By Zubeida Mustafa
THERE is still hope for Pakistan. Paradoxically, it comes from the least expected of sources: the street children. Recently, their football team returned home from Oslo proudly bearing a bronze medal from the Norway Cup, the largest international youth football tournament.
It has been a meteoric rise for Pakistan which made its debut in the Street Child Football World Cup only last year in Rio to earn third place. These youngsters have grit and have managed to confront boldly the tragedy of their broken existence. Now they are rebuilding their lives.
One can understand the magnitude of their achievement only in the context of what life can be for children in a society hostile to them. The challenges are greater for the underprivileged. Denied satisfactory facilities for education, healthcare and sports while lacking support from a happy and stable family environment many of these children take the escape route to the streets. There they live uncared for, seeking security in a group of like-minded runaways. There are hundreds and thousands of them around and their ingenuity helps them survive on the charity of people seeking their own salvation. That is how they get meals to eat but no protection from the abuse and exploitation they suffer at the hands of unscrupulous adults.
The children who have brought laurels to the country that had rejected them have been lucky. They were rescued by some volunteers of the Azad Foundation that is committed, as its website announces, “to improving the well-being and enhancing the self-esteem of alienated and excluded sreet children”. Through love and support they have been reunified with their families.
The vulnerable child will seek the heady freedom of the streets.
And one may well ask what is the Azad Foundation? AF is the brainchild of some idealistic Karachi University alumni led by Naveed Hasan Khan, who dreamt of doing something for the children they saw loitering around in the streets.
Itfan Maqbool, head of policy and advocacy, who is also a co-founder, recalls how they proceeded to transform the lives of these unhappy children for whom the streets of Karachi had become a home.
A lot of research and thinking went into the making of the foundation, Maqbool tells me. The founders interacted with the children to explore the dynamics of their living and thus prioritised AF’s goals. There was also the need to win the confidence of the children by responding to their needs. That is how a mobile dispensary, a drop-in centre, a shelter, educational and vocational centres and ultimately football coaching camps came to be established incrementally. These projects brought healthcare, hygiene, midday meals, psychological counselling and even non-formal education in their wake. From Karachi, AF has moved on to form a network all over the country.

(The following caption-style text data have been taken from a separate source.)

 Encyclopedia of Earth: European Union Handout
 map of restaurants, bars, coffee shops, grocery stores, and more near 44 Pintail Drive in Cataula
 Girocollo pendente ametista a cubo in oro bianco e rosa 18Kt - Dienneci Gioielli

Today, the street children have much to look forward to as confirmed by Mehar Mustafa who is the son of a fisherman in Ibrahim Hyderi. “There was a time when my future was dark, as dark as the sea in the night when I accompanied my father on deep-sea fishing trips. Not so any more.” Today Mustafa has experienced the thrill of football in Rio, Chicago, Oslo and a 10-week stint of learning English in Cambridge. Now he has much to dream about.

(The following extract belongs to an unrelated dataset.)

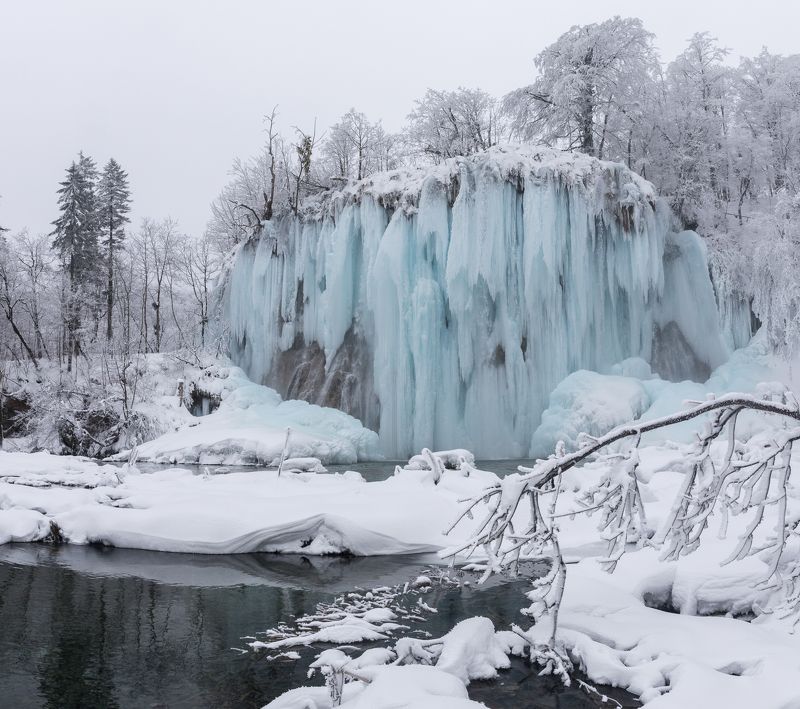 Плитвицкие, озера, Хорватия, водопад, зима Повезло! фото превью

Talking to Maqbool, I can see that the founders are educated and pragmatic. Their work is underpinned by deep research and they shift their goalposts as they learn from the studies they conduct and their own observation of the children. For AF a child who stays on the street for eight to nine hours unsupervised is a street child who must be re-integrated and rehabilitated. The record is not heartening because 50pc of the re-integrated become dropouts and run away again from home.
Today, AF knows that without a change in the conditions — poverty, lack of parental love, absence of functioning schools with sports to engage the youth — the vulnerable child will seek the heady freedom of the streets.
That is how football entered the scene. A key role played in organising the training camps is that of the senior coach, Abdur Rashid, who was at one time a member of the national football team.
The Foundation and the success of the football team have at long last focused public attention on the plight of the child. All children need special care and there are many organisations in Pakistan working to improve conditions for the young. But it took a world cup medal to show what children can achieve when provided love and opportunities.
Raziq Mushtaq, the football team captain, is a school dropout as his school never functioned. “I loved football. The streets became my playing field,” he says. Shouldn’t every child in Pakistan have a good school to study in with plenty of open space for games? Then many of our Raziqs will not be attracted to the streets.